Two days later in
this thread on BY3D and my take is confirmed.
Still, no-one on BY3D is doing research to find out if
Memory on logic or 3D stacked memory will be available for inside the SOC nor are they looking for faster than GDDR5 memory. All seem confirmed for 2012-2013 with 3D stacked at the outside 2014. More than 2 3D stacked memory wafers (on top of each other) is said to wait for 2015 (want to keep the heights of all chips 2.5D attached to the SOC substrate nearly the same height). The 2 gig PS4 rumors might support 2 1 gig 3D memory wafers inside the SOC. (all including memory on logic can be 2.5D attached to Substrate)

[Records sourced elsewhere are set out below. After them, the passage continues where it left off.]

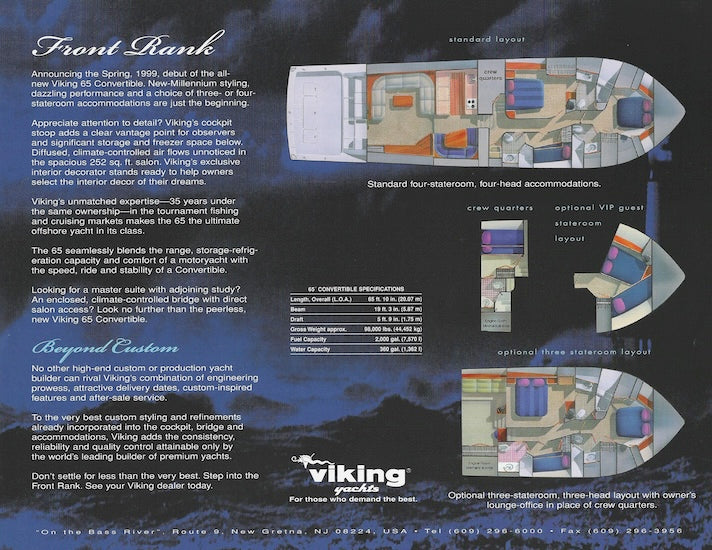 Viking 65 Preliminary Brochure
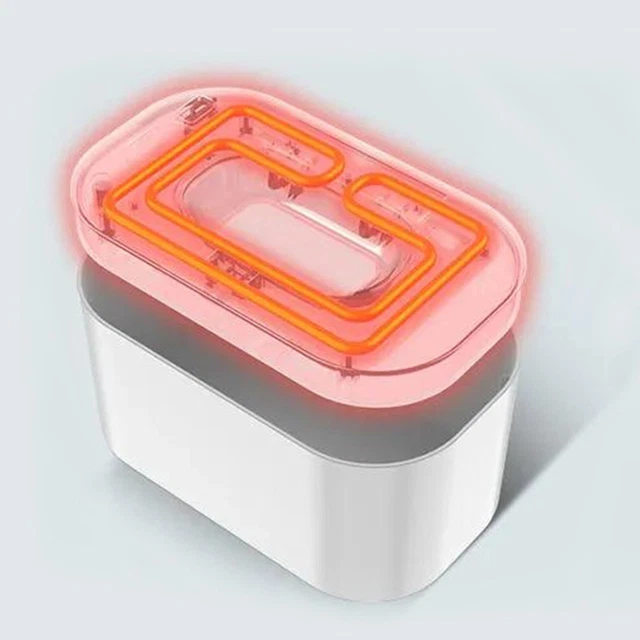 Dispensador (ajustable a temperatura) calentador para toallitas húmedas resistente a los impactos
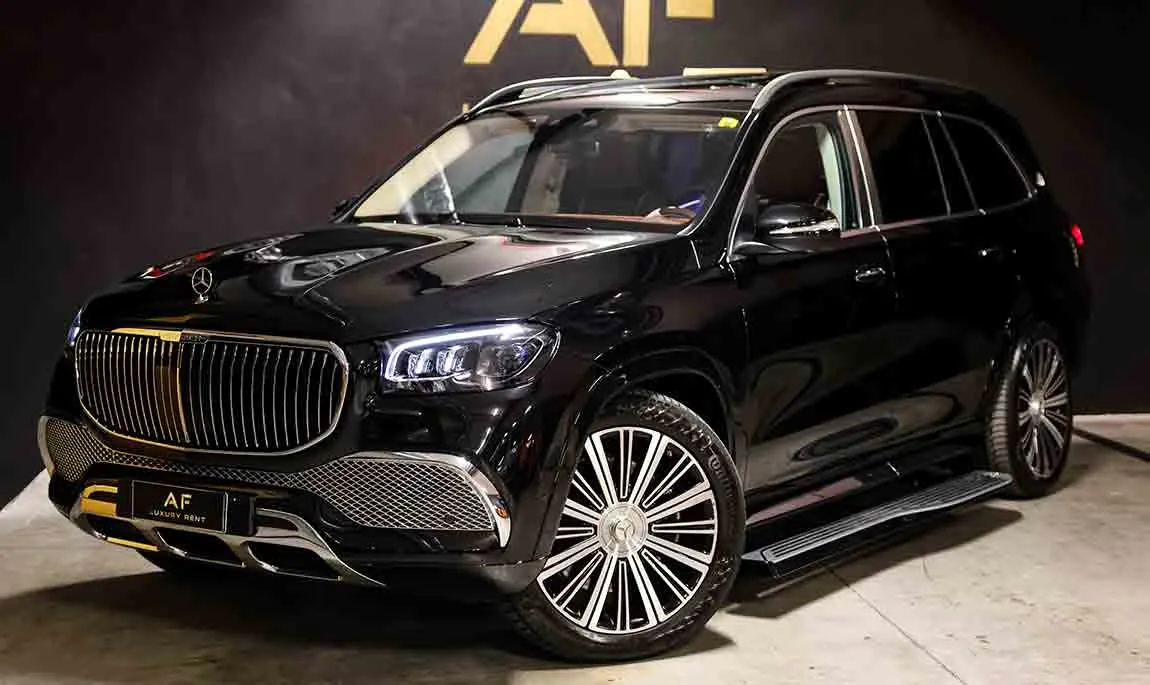 Luxury Car Rental Mercedes Maybach GLS 600 - AF Group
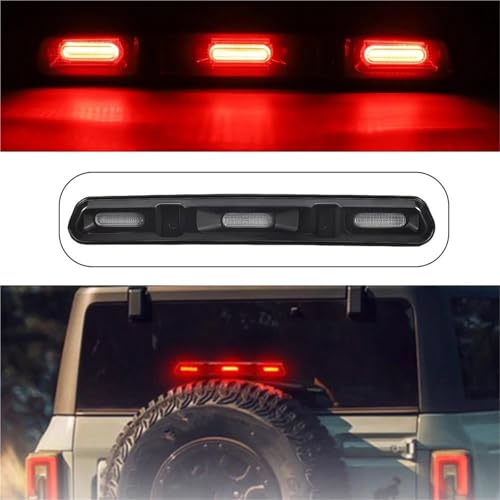Troisième feu stop à LED Ford Bronco pour sorties hors-piste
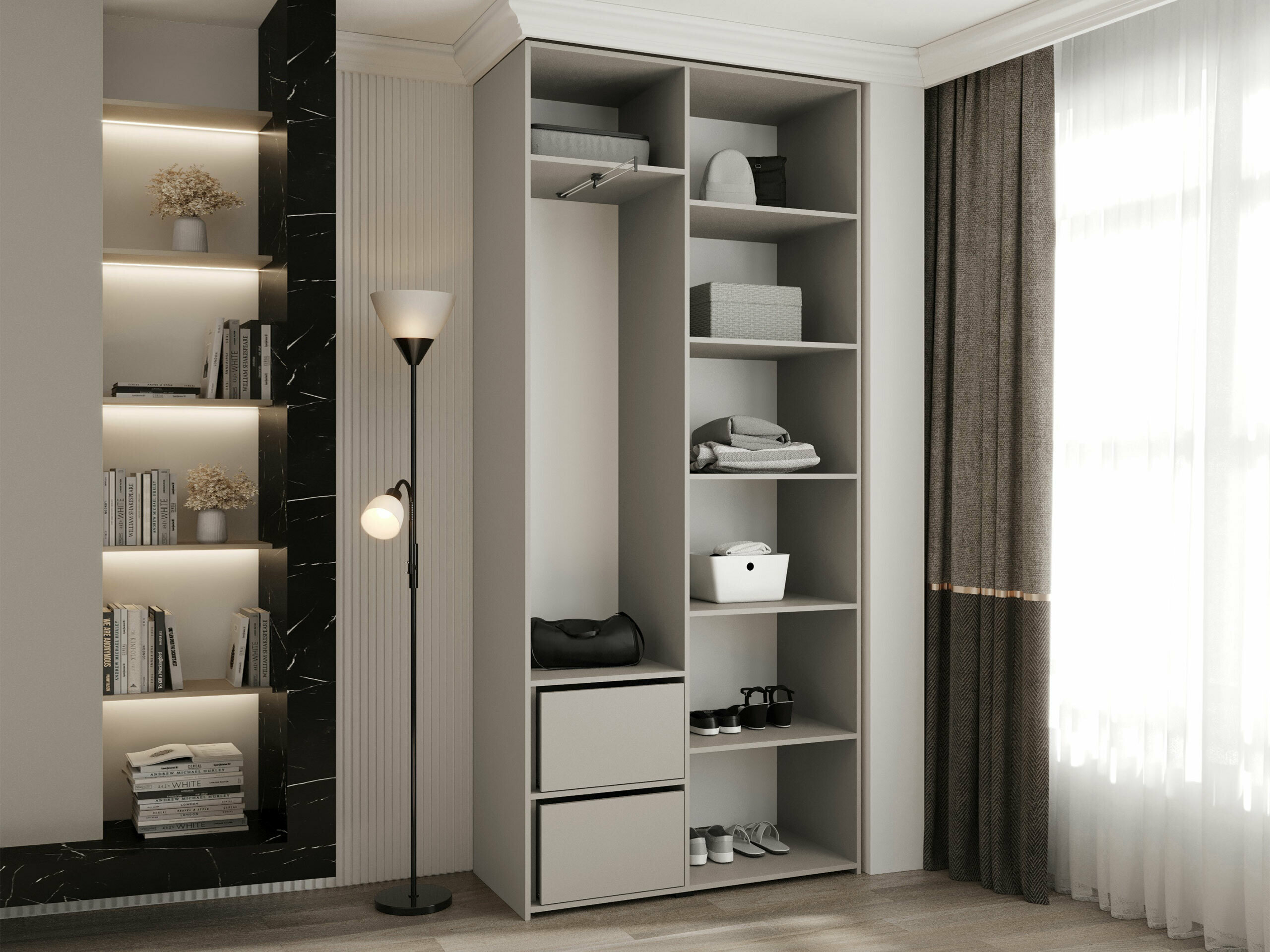 Ormar Hartford 572 (Bijela)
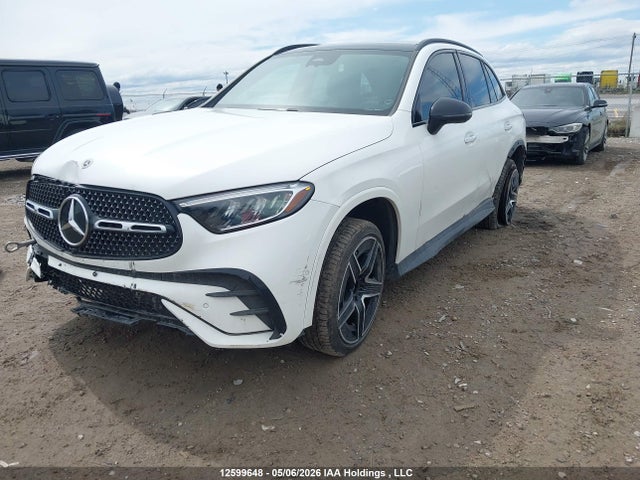2026 Mercedes-benz Glc 300 4matic მანქანა იყიდება აუქციონზე, vin: W1NKM4HB4TF520237, აუქციონის ნომერი: 12599648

If the Developer rumors of 2 Gig GDDR5 are true then SOC to second GPU will not be a PCIe buss but will be a unified memory (one memory pool) GDDR5 buss. Also since we will have 2 GPUs and minimum 2 X86 CPUs as well as accelerators accessing this same memory, it will need to be very fast. Sony patent calls for memory transfer speeds out of the 4 module 1PPU4SPU of 35 GB/sec (Sony patent Dec 2010 was for 2PPUs and 16SPUs, that may/probably has changed to AMD X86 APU (2 Jaguar X86 CPUs + 300 GPU math elements) which is essentially the same performance), with several other CPU-GPUs using the same buss as well as display I/O like Infinity view I expect the requirements for memory speed inside the SOC to be even higher. Memory on logic in the SOC (80-100 meg) can reduce the load on the memory outside the SOC (The MMUs and logic in the SOC take care of this transparently). If the second GPU is going to be outside the SOC due to heat or size issues then 3D stacked memory inside the SOC would still require a memory buss to the second GPU.

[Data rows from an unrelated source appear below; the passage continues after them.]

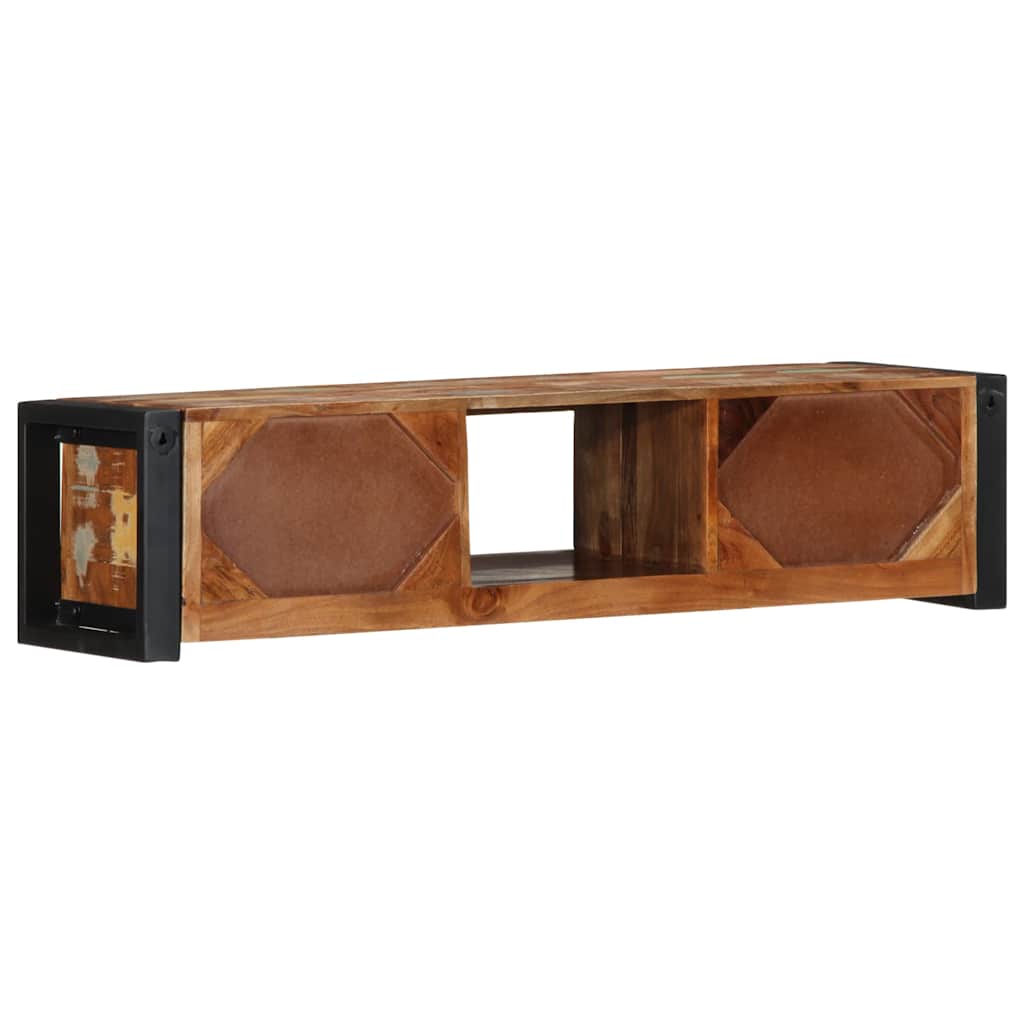 televizoriaus spintelė 100x30x25 cm Regeneruota medžio masyva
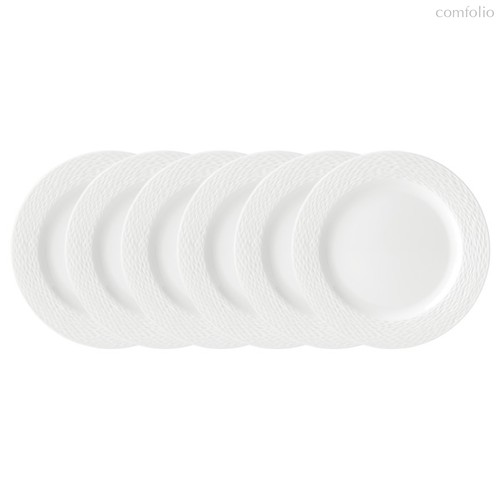 Набор тарелок десертных Lenox Текстура 19 см, 6 шт, 19 см - Lenox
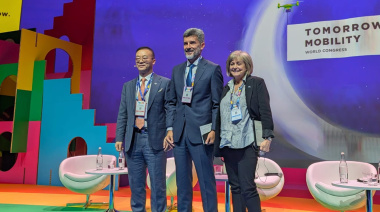 Ulpiano Suarez, único intendente argentino en el corazón del futuro urbano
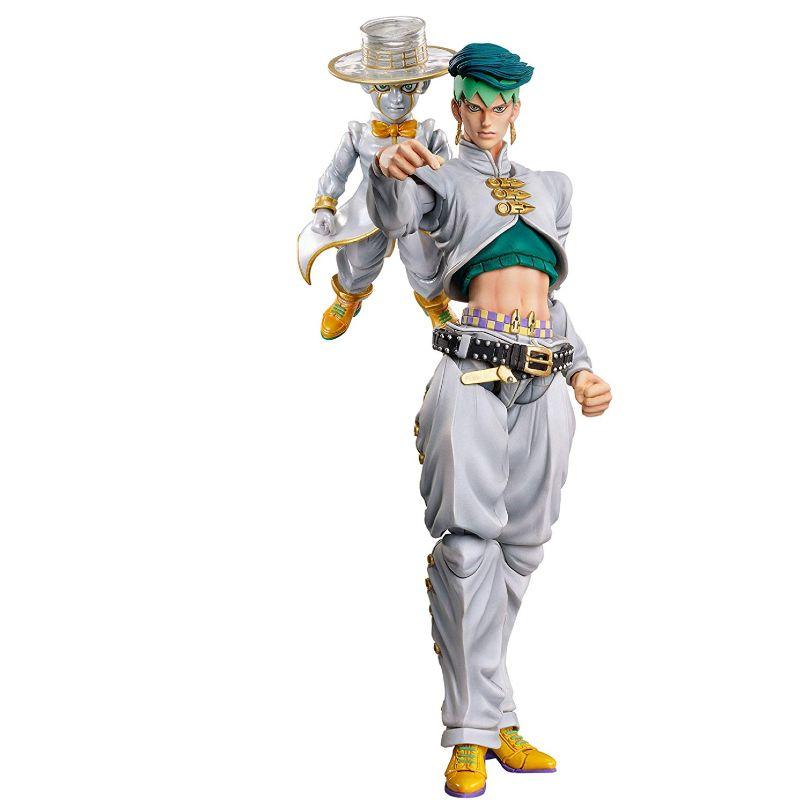 Super Acción de la Estatua de Jojo's Bizarre Adventure Rohan Kishibe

If 3D stacked memory in quantity is expensive or not available then 100Meg or so 256-512 bit wide ram inside the SOC with 2 Gigs of GDDR5 256 bit buss external connected to the second GPU seems likely. A later refresh might include 3D stacked memory inside the SOC (replacing the differential GDDR5 or 265 bit GDDR5) as well as moving the second GPU inside the SOC when smaller die sizes reduce size and heat.
Sony and Microsoft should wait for 3D stacked memory and have to wait for a new full HSA GPU which won't be ready till late this year.

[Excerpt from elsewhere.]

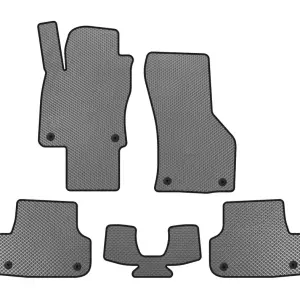 Килимки EVA (для E-tron, Sportback, Сірий) для Audi A3 2012–2020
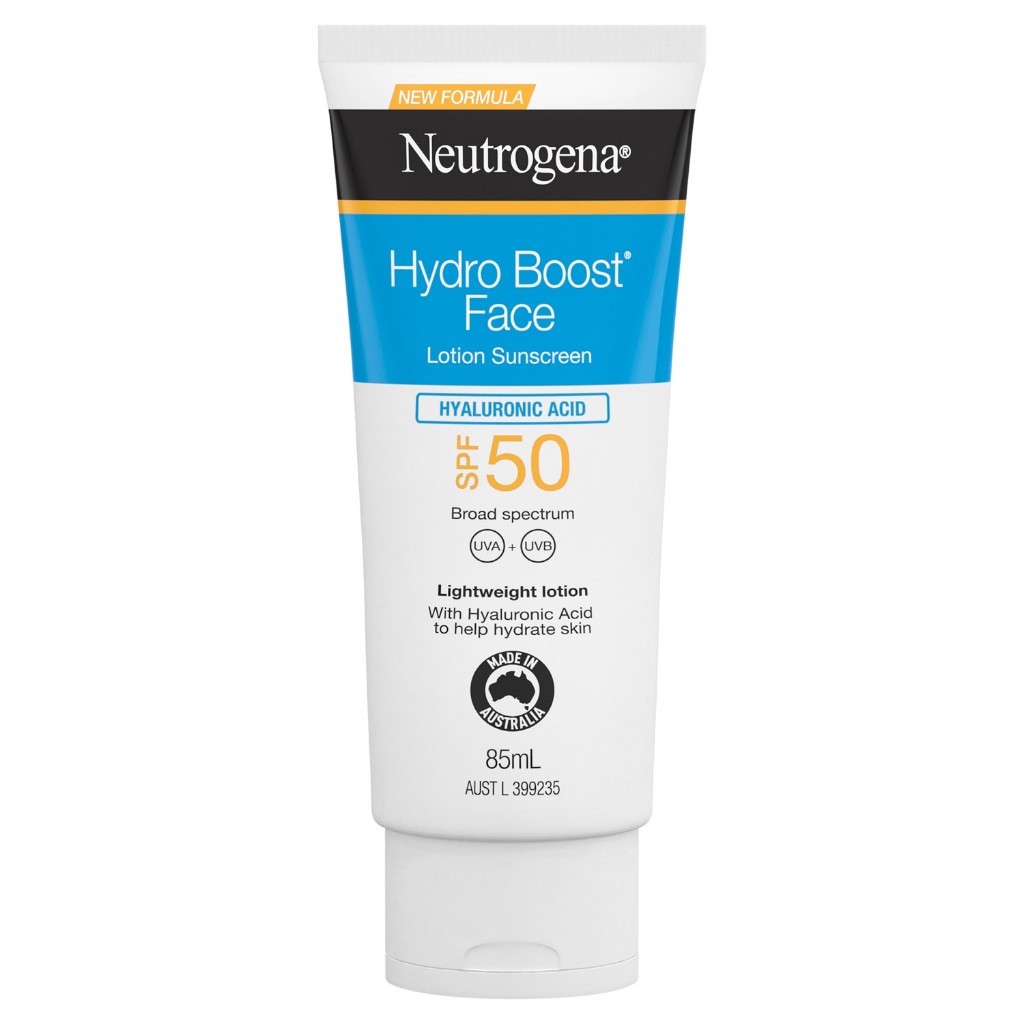 ครีมกันแดด Neutrogena สูตร Hydro Boost Face Lotion SPF 50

All could take advantage of SOC efficiencies to release early @ 32nm but for 28nm, Full HSA GPU, 3D stacked memory and the economies in the Consortium building block 3D stacking they must release nearly a year after WiiU.
Didn't think of this until now but a Full HSA GPU and 3D stacked memory are key to next generation support and are the limiting factor in a release date. A SOC design with some HSA efficiencies and GDDR5 speed memory (multiple DDR3 controllers and 4 banks or more of interleaved DDR3) has been possible and with such a design, redesign to support lower die size as well as economies using the consortium building blocks can be implemented in the near future but
3D stacked memory and HSA GPU could not be incorporated later as they drastically change how the next generation game consoles will be designed and massively impact it's performance.
Talk in BY3D about the number of Compute units and relative CPU and GPU performance do not take into account the impact of 3D stacked memory (2X) and prefetch by CPU for GPU (2X) (requires the 2014 design GPU). There is overlap between the two so the total increase in performance is going to be less, I'd guess below 3X total, this is something professionals should be talking about but probably can't because of NDAs. Obvious also is the clock speed of GPUs can/should be higher and fewer GPU elements would be needed which should increase yield and reduce price.
So talk about the performance difference between WiiU which can have none of the efficiencies above and Xbox 3 or PS4 which can, only using comparisons using current GPUs and CPUs is missing the point. Also assuming performance is going to be disappointing using the same logic is also missing the point.